Every year at the Academy Awards, there are a few types of films that are bound to be nominated: the blockbusters that dominated the box office, the arthouse hopefuls and the little indies that could. This year is no exception – with films that range as wide in tone and scope as “Past Lives” to “Killers of the Flower Moon,” the extensive gamut of cinema is accurately represented. One result of such a wide breadth of cinema being nominated is that films that would otherwise fall under the public’s radar now gain far more attention than they would have.
As far as case studies go, there is no better example of how Academy nominations can help broaden a film’s exposure than Jonathan Glazer’s bleak, uncompromising Holocaust drama “The Zone of Interest,” which is nominated for five awards at this year’s Academy Awards, most prominently Best Picture and Best International Feature Film.
“The Zone of Interest” follows the family of Rudolf Höss, the Nazi commandant of the Auschwitz concentration camp, with nary a focus on the camp itself. Never seen and only heard, the atrocities committed by the Nazis take a backseat to the pastoral dream life the Höss family attempts to build for themselves. The family’s endeavor is filmed with cold, clinical detachment – in a move that likely netted him his Best Director nod, Glazer shot most of the film in a multi-cam setup, completely detaching any sense of authorial voice from the film’s visuals.
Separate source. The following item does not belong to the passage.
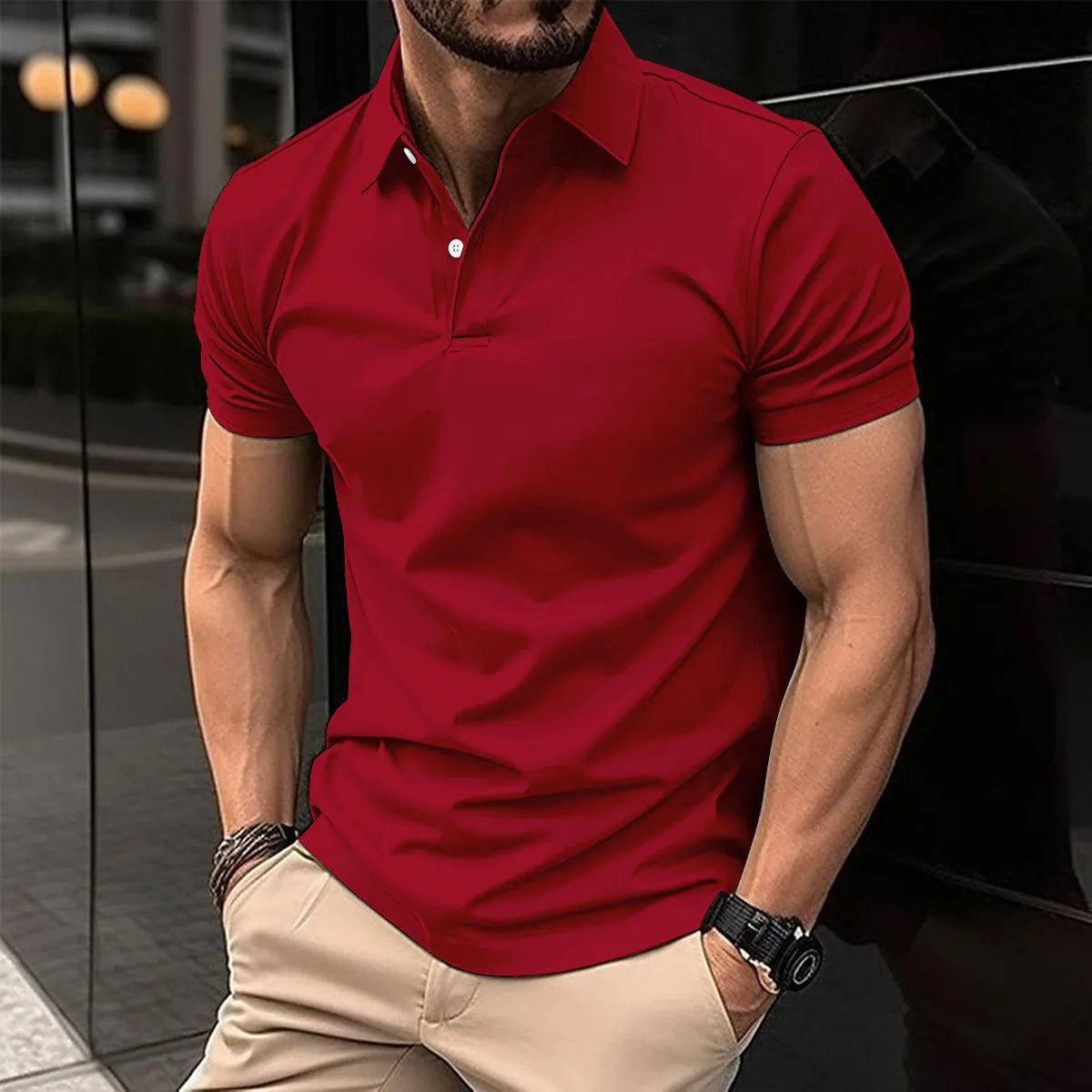 Men's solid colour short sleeve polo shirt with buttoned lapel collar on a hanger.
Compared to the other films nominated this year, “The Zone of Interest” is as unconventional as they come: an art film that, in both its aesthetic and narrative construction, refuses audiences an easy out. Though its construction is to be expected for those exposed to Glazer’s previous work, this film – despite its successful festival run, including winning the Grand Prix at last year’s Cannes Film Festival – seems almost designed to confirm general audiences’ worst fears about films that fall outside of commercial cinema’s traditions. And yet, those audiences that would normally run away from such a film now have a reason to at least give it a chance.
Films like “The Zone of Interest” often have a tragic distribution run where they’re thrown into arthouse theaters for a few weeks and then thrown onto streamers just as quickly. These filmmakers can use Academy Award nominations as an excuse to go wide (or as wide as their distributors can afford), hoping that such mainstream exposure can give them a seat at the cinematic table, which is often left to the studios that can afford to dominate the multiplexes. A studio like A24 who, despite their counter-cultural cache, do not have the capital to put films in theaters for as long as humanly possible, can use these nominations to gain a greater foothold in the theatrical space.
“The Zone of Interest,” was originally shunted away in limited release in December but was effectively granted space in the multiplexes thanks to its award nominations in January. The weekend after its Academy Award nominations, the box office jumped 141% from where it had originally stood, and while general audiences may have a hard time making heads or tails out of it, a film like “The Zone of Interest” deserves as many eyeballs on it as possible. Thanks to the Academy Awards, it will likely get them.